Unsurprisingly, Bolyai's paper failed to attract the attention of contemporary mathematicians, and his new geometry remained almost completely unknown until 1867, when German mathematician Heinrich Richard Baltzer publicized the achievements of Bolyai and Lobachevskii in his *Elemente der Mathematik*.

**Bibliographical Comments**

The *Tentamen* was very crudely or amateurishly printed at a school press; copies exhibit the earmarks of non-professional or inexperienced publishing, particularly in the clumsy typography and numerous errata and corrigenda leaves, which must have made the *Tentamen* extremely difficult to use. These leaves were printed on different paper stocks and were obviously added after the original printing. Hook & Norman, *The Haskell F. Norman Library of Science and Medicine* (1991) No. 259 included a collation and discussion of tentative issue points. The subscribers' lists in Vol. i (1r+v) and Vol. ii (266v) indicate that 156 copies were subscribed for, and the edition was probably not much larger than this.
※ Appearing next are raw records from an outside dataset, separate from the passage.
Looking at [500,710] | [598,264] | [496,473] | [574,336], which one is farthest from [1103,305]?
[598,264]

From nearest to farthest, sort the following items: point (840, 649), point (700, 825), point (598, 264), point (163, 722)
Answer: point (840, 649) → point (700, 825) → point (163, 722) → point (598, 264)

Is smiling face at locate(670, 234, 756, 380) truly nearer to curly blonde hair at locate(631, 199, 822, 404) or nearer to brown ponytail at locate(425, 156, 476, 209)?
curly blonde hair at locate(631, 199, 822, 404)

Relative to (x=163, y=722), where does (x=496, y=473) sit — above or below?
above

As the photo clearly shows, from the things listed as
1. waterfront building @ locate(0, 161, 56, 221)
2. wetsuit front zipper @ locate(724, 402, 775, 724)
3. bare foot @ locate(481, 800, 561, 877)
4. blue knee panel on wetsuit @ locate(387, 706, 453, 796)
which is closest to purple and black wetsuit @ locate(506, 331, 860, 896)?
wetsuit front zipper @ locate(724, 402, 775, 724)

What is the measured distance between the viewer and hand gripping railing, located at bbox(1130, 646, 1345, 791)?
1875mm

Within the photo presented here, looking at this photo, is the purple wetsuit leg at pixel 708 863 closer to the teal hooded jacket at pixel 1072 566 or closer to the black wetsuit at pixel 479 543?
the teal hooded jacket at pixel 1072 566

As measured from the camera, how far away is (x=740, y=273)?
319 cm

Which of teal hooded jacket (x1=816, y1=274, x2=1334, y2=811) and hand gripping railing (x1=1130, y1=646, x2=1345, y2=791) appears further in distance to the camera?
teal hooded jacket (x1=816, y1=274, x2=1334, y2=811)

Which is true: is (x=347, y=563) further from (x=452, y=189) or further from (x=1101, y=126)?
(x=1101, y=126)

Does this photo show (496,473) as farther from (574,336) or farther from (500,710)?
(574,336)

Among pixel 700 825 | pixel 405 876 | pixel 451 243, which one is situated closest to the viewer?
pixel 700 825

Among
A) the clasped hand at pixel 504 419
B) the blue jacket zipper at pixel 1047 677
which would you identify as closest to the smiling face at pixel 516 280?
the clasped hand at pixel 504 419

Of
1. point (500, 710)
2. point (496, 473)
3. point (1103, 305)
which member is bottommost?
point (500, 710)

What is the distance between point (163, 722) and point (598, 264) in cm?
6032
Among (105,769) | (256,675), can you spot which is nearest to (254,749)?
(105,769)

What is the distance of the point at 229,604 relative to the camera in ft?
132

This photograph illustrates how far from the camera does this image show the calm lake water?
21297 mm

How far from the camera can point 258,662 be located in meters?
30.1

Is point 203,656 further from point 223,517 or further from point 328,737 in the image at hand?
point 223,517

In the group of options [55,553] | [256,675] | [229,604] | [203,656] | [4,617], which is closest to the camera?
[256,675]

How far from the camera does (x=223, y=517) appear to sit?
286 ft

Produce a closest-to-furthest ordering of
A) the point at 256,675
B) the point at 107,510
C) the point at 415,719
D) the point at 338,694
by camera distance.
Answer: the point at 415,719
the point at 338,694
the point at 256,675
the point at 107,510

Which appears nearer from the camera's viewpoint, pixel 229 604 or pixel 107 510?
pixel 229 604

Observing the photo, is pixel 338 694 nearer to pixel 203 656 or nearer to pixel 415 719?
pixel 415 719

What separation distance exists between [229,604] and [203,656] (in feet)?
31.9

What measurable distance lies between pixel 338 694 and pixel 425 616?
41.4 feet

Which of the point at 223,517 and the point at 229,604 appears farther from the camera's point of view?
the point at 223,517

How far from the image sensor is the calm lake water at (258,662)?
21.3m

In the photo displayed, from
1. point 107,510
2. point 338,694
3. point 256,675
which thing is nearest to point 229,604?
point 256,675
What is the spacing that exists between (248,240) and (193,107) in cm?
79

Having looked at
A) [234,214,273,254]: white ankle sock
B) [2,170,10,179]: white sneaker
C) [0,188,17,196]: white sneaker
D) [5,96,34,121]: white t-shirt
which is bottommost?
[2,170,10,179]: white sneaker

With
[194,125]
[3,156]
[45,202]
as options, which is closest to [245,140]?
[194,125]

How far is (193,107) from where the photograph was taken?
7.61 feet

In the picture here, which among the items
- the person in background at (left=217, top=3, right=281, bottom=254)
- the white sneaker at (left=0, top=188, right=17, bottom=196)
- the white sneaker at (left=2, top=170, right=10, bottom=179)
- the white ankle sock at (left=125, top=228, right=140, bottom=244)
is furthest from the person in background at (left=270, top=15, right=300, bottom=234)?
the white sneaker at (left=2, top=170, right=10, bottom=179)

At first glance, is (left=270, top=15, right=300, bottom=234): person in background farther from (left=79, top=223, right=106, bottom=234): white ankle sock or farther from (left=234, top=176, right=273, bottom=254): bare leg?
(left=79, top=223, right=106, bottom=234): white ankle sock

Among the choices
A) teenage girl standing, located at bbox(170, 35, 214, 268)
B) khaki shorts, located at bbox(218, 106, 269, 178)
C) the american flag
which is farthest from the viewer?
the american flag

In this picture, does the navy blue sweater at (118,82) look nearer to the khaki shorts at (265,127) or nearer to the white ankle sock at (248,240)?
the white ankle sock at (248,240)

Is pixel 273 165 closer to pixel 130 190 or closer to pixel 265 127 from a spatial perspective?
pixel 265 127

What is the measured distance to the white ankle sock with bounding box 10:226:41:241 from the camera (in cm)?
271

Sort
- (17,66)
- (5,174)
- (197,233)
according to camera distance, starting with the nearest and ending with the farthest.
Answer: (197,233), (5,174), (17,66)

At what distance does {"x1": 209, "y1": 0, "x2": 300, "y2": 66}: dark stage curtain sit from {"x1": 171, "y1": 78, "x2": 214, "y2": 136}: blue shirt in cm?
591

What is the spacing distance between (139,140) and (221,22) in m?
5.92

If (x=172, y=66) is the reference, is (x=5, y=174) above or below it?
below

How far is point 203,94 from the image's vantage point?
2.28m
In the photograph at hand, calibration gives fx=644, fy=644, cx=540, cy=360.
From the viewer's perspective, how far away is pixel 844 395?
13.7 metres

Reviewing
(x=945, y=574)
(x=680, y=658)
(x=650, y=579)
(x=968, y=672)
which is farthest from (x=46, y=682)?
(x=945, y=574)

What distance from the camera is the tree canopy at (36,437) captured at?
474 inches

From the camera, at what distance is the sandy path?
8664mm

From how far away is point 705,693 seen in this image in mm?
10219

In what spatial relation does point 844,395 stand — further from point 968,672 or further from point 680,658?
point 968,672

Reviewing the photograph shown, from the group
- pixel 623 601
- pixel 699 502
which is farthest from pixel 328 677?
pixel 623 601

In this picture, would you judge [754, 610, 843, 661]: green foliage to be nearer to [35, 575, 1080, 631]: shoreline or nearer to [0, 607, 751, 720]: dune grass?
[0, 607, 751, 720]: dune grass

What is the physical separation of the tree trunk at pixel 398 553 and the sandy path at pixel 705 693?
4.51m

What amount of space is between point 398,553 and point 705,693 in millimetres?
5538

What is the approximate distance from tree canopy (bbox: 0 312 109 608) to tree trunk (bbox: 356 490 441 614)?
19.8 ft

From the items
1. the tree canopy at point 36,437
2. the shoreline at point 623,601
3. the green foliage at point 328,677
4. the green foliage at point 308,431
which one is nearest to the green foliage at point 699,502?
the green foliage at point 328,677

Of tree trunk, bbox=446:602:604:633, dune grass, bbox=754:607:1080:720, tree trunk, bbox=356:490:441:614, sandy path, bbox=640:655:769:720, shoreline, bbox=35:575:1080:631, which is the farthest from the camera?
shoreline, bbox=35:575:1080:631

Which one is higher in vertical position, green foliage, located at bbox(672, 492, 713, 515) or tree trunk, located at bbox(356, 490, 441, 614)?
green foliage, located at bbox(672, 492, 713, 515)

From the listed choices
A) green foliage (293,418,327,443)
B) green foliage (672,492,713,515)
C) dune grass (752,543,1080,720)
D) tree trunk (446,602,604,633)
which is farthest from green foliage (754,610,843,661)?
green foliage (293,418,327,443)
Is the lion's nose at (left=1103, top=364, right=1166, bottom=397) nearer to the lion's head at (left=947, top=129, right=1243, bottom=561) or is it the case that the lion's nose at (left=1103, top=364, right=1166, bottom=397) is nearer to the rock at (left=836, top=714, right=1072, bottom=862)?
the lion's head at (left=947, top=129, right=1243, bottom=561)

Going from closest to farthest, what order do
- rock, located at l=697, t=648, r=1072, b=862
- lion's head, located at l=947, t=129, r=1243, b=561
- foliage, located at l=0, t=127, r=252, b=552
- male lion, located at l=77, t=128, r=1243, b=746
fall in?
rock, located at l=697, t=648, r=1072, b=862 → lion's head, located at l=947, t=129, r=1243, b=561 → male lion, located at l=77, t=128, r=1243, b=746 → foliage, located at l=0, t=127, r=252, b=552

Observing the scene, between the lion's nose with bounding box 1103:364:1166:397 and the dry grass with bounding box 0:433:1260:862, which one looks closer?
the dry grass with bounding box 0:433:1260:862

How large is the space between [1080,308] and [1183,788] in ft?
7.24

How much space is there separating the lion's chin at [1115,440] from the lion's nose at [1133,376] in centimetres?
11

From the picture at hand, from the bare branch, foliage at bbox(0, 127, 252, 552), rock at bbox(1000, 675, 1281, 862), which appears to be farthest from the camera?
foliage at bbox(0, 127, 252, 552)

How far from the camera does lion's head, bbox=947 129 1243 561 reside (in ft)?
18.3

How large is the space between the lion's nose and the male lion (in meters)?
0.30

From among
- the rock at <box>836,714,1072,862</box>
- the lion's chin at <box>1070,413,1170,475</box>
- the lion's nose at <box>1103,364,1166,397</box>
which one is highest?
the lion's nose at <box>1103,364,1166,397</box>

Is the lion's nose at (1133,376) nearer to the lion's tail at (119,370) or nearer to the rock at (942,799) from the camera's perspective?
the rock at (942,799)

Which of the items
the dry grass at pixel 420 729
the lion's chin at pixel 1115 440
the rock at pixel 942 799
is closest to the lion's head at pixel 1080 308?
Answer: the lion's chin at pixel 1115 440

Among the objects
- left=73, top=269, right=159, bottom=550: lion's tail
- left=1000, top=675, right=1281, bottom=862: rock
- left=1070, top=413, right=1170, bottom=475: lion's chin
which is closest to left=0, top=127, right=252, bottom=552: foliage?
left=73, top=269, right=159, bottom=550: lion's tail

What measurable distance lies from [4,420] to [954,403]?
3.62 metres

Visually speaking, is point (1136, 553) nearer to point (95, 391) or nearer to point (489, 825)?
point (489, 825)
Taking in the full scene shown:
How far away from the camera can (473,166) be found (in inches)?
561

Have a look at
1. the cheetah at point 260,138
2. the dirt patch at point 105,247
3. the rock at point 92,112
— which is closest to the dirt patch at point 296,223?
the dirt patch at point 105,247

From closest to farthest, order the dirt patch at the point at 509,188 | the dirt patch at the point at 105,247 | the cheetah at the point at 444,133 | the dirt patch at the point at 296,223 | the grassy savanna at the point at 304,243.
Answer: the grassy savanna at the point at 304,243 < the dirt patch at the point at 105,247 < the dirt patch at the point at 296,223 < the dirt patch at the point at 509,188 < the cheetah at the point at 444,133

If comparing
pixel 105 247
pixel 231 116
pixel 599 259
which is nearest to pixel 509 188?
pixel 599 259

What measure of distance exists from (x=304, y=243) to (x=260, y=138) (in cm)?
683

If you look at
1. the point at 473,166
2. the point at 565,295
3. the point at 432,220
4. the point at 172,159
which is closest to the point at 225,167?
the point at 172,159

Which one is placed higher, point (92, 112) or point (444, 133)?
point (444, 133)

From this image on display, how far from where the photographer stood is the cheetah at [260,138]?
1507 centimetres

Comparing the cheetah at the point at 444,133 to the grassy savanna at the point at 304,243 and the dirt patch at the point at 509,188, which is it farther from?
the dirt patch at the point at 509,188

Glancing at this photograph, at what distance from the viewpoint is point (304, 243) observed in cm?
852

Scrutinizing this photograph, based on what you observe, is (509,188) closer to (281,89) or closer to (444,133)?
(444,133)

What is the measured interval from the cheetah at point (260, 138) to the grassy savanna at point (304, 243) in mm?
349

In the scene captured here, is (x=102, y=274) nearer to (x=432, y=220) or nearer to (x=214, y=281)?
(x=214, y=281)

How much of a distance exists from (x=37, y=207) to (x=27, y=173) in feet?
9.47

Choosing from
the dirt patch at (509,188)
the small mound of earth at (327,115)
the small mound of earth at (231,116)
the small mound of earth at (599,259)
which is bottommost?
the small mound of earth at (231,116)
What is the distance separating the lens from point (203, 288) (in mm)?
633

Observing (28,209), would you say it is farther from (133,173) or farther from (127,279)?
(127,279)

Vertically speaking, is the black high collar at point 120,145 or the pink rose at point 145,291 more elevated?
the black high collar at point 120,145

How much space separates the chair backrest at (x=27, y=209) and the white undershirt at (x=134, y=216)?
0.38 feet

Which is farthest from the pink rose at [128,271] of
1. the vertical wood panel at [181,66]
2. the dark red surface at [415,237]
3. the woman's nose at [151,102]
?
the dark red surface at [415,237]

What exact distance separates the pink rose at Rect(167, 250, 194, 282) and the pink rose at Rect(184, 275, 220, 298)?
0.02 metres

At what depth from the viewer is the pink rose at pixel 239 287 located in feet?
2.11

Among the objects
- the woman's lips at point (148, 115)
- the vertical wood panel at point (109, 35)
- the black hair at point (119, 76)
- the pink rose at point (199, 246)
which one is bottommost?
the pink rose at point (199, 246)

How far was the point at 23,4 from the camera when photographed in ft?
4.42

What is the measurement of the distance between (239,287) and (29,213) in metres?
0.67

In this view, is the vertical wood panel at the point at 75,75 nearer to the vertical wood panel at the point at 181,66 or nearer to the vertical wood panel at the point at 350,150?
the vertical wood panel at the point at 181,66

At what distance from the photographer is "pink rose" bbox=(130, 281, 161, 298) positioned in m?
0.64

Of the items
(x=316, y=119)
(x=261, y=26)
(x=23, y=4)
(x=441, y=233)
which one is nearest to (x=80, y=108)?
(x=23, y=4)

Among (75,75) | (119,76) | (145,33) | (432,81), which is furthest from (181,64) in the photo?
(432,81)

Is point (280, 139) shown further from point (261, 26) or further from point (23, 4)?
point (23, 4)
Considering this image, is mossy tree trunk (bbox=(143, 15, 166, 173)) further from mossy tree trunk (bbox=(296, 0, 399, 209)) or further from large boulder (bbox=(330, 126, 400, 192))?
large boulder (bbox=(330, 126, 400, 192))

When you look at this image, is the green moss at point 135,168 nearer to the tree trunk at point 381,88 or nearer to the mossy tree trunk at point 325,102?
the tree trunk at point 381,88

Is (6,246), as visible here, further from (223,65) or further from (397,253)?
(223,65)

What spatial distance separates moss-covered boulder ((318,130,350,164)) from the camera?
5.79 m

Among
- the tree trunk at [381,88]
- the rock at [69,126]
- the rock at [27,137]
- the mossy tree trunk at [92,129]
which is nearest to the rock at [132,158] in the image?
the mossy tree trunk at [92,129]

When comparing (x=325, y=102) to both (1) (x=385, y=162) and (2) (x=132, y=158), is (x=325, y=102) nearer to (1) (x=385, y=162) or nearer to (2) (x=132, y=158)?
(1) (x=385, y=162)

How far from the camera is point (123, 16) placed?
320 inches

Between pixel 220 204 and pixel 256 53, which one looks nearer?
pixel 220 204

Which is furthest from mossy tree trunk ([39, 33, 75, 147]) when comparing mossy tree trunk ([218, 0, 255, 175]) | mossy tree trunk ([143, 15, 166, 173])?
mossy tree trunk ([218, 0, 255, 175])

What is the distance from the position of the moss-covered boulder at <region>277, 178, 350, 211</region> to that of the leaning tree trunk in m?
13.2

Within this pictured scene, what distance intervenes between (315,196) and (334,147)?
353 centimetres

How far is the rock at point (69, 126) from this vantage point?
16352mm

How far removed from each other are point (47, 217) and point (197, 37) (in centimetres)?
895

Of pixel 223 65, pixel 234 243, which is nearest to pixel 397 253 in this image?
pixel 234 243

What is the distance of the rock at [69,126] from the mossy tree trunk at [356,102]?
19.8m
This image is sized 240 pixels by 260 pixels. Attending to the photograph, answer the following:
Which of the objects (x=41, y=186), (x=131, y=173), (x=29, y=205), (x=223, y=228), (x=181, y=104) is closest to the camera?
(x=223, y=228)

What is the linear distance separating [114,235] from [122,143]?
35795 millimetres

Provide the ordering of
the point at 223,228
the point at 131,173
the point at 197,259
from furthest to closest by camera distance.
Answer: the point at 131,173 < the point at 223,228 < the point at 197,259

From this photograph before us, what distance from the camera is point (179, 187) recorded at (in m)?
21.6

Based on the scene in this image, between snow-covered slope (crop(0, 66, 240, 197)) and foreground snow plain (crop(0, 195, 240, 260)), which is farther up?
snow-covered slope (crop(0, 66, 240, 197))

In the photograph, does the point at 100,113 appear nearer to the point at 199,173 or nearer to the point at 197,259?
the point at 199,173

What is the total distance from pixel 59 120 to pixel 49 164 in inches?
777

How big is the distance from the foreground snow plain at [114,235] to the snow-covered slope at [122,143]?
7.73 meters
In January 2016 antiquarian bookseller William P. Watson of London published preliminary results of his bibliographical researches on Bolyai's work in his *Catalogue 21, Science, Medicine, Natural History*, item No. 14, from which I quote:

"... Apart from the Appendix, hardly any two copies of the *Tentamen* agree in collation, and the great variation amongst them, including cancel leaves and gatherings, indicates that the publishing history of this work was confused, and remains confusing.

"Bolyai illustrates his textbook with 14 folding plates, five of which are inventively augmented with numerous small flaps. These plates contain as many as 10 slips, often concealed one behind the other; plate 10 also displays a single volvelle, which has gone unrecorded in most bibliographies to date; although not described in the printed or on-line catalogue entries, it is present in most copies. One point of bibliographic confusion has been clarified: the Horblit/Grolier Catalogue (based on the Smithsonian copy) lists an overslip on plate 6 that is not recorded in any other copy. Upon investigation it appears that an integral part of the plate (the lower portion of the diagram labelled T.144) was inadvertently detached during rebinding and subsequently reattached on a stub, leading to the conclusion that this was a required flap.

"Fewer than 25 copies are known: Stanford University: Haskell Norman collection (sold 29 October 1998 Christie's New York); Yale (Cushing copy, the first volume with Appendix only); Smithsonian Institution (Dibner copy, which was also the copy described in Horblit); Huntington (formerly the Burndy Library; the copy owned by Bolyai's translaor into English, George Bruce Halsted); Boston Public Library; University of Kentrucky (Louisville), and four in private collections. In Europe there are copies recorded at the Royal Society London; University College London; Austrian National Library; Hungarian National Library (Budapest); Leipzig, Göttingen (two, one Gauss's copy) Bordeaux (Jules Hoüel, translator of the Appendix 1867) and Trento (vol 1 only, and that seriously defective, lacking text and all the plates). There are two copies in private collections, one comprising vol. 1 only. There was one in Berlin (lost or destroyed in WWII). The copy sometimes described at Kanazawa Institute of Technology appears to be a ghost.

"There are numerous variations in collation etc. amongst these copies. We are compiling a detailed census and concordance which should be available shortly...."

Kline, *Mathematical Thought from Ancient to Modern Times* (1972) 873-880.